紅いコーリャンのワンコのレビュー・感想・評価

紅いコーリャン(1987年製作の映画)
4.0
【民衆の怒り】

※ レストア版リバイバル上映

この「紅いコーリャン」は、ノーベル文学賞受賞者・莫言(ばくげん)の「紅い高粱」が原作で、チャン・イーモウの初監督作品にしてベルリン国際映画祭金熊賞を獲得した作品だ。

1911年の辛亥革命で中国でも共和制がすすむと思いきや、日本の侵攻、国民党の一党独裁をめぐる動き、軍閥や共産党の台頭などで1920年代後半の中国は大きく混乱していた。

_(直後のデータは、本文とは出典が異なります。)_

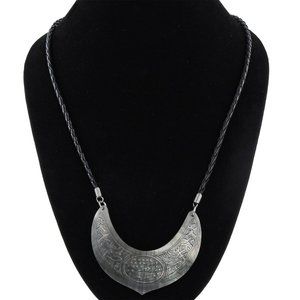 Shell dolphin carving and black suede string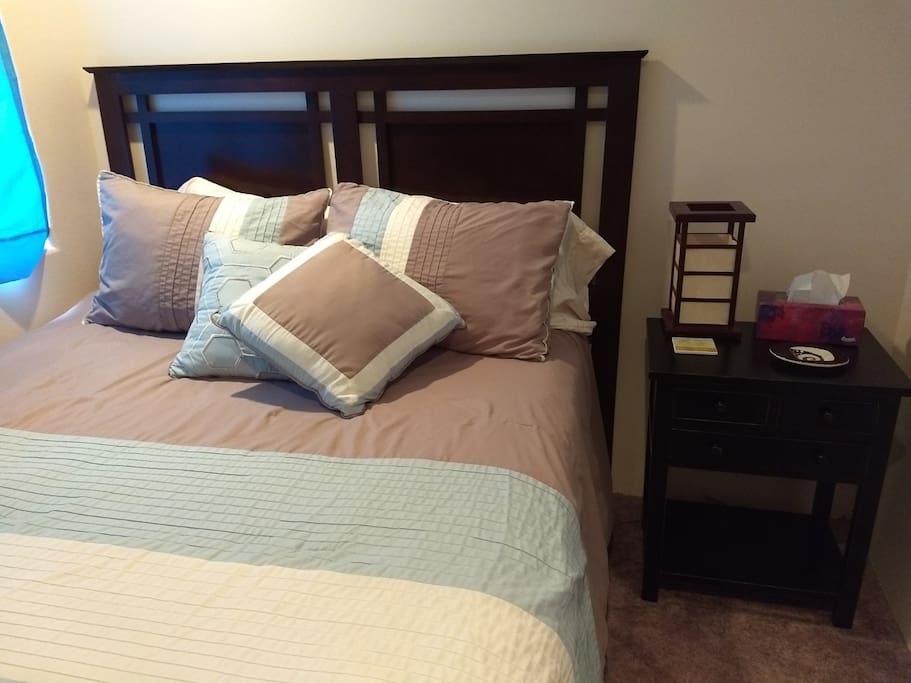 Queen bed with window, closet and night stand, sound machine with usb charger.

終盤の日本軍との対決に目が行きがちだと思うが、その前段となるコン・リー演じるチウアルが売られる同様嫁がさせるストーリーも、姦淫のような場面も、主人が亡くなる話も当時の中国に統一的な政府や、基盤となる社会的道徳的な規範などないに等しく、コーリャン酒に小便を入れて美味しくなったというエピソードからも分かる通り、無法状態に近かったことを表しているのだと思う。

そうした中で、中国の農村の人々が日本軍の進出に必死に抗い、自らの生きる糧を守り生きようとする姿がこの作品の中では生き生きと描かれている。